What to do: Excluding pictures, what does the listing below contain from the line with "Ovale Schließe Cipo" up to and including the line with "Overview of Office 365", word for word?

Records provided:
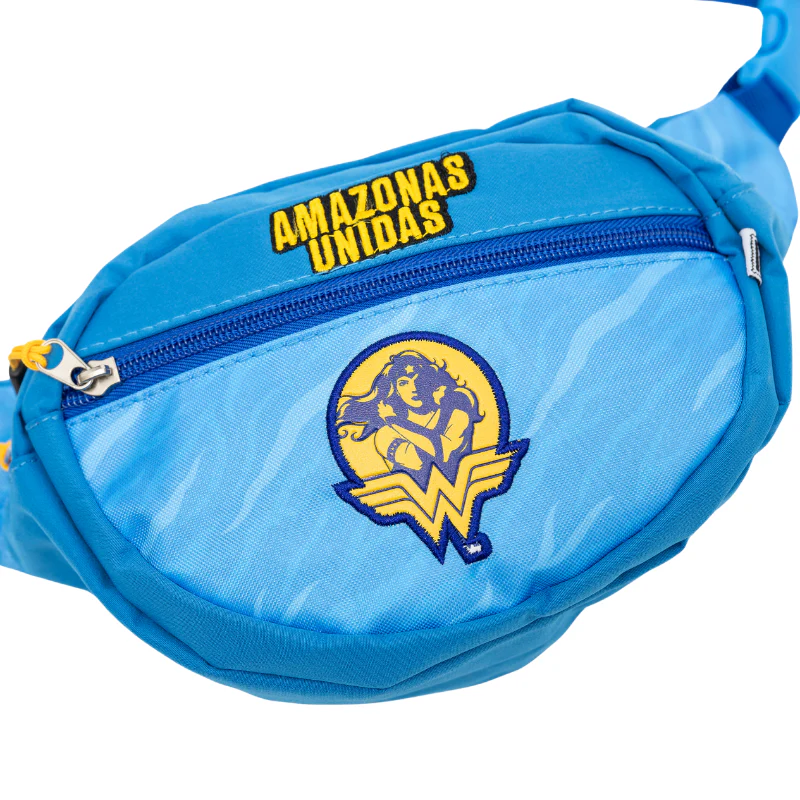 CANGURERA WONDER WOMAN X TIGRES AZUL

---

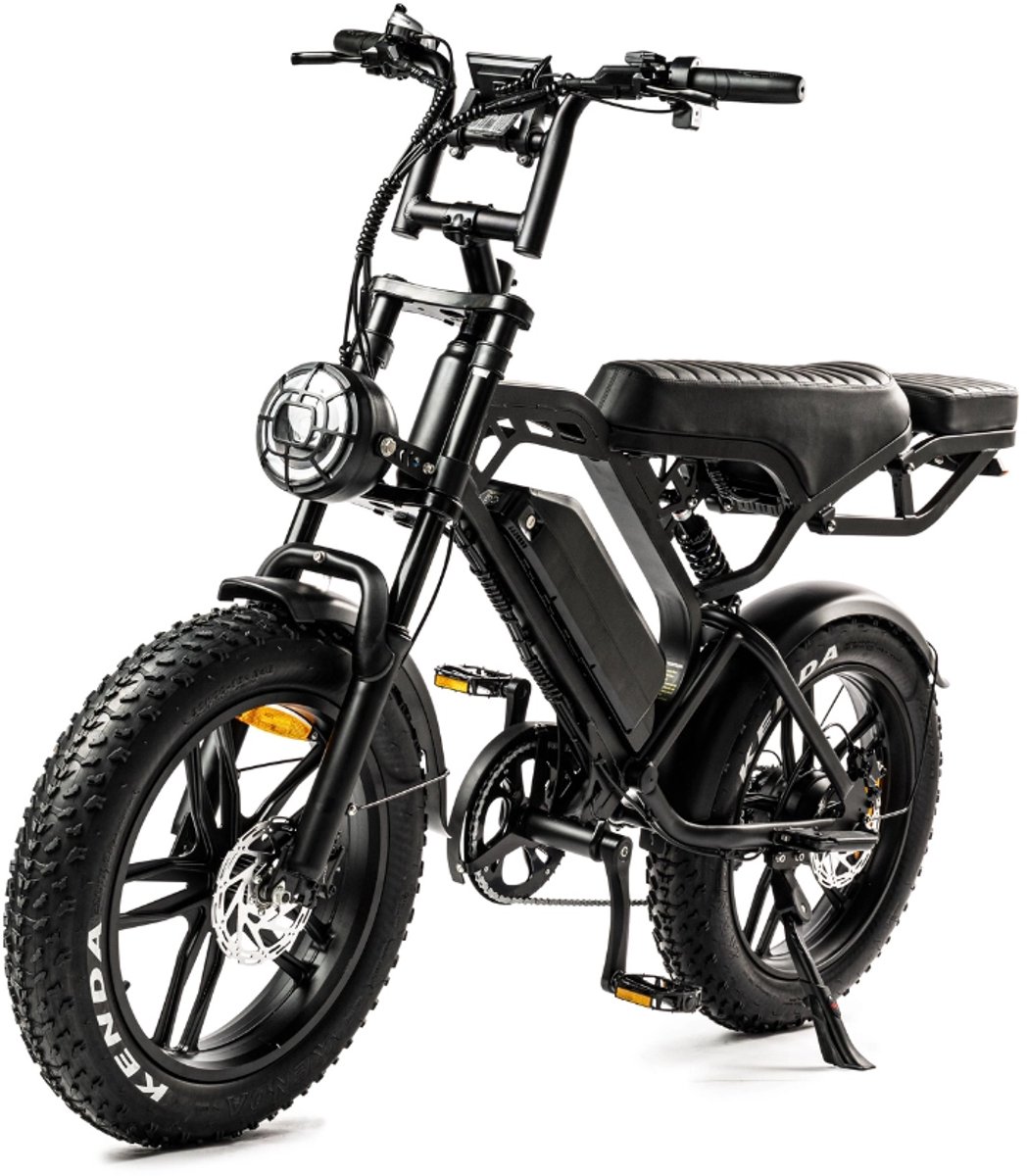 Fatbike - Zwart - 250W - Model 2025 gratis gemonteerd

---

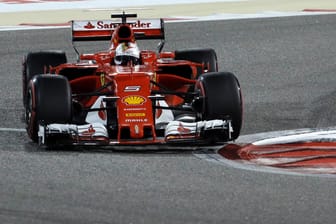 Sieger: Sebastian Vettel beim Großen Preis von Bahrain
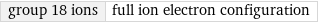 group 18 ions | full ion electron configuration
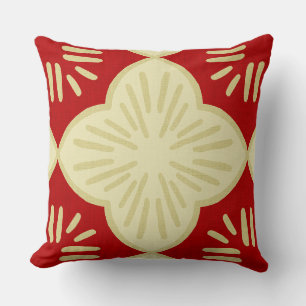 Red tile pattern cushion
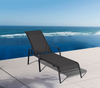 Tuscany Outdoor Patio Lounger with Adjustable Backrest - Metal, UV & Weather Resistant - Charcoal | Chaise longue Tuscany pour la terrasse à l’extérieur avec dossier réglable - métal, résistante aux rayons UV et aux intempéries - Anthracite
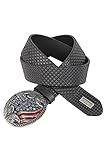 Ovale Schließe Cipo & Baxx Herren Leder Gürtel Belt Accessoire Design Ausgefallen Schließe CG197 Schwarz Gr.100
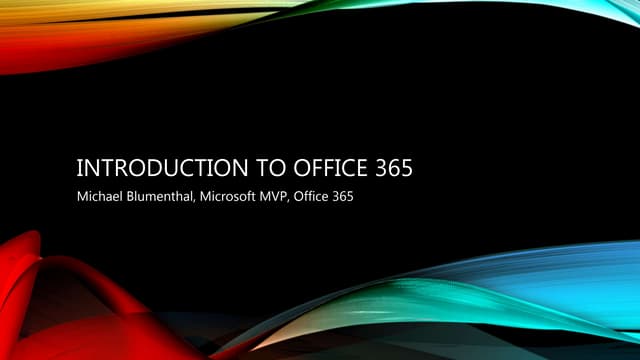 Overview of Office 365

Answer to this exercise:
 Ovale Schließe Cipo & Baxx Herren Leder Gürtel Belt Accessoire Design Ausgefallen Schließe CG197 Schwarz Gr.100
 Overview of Office 365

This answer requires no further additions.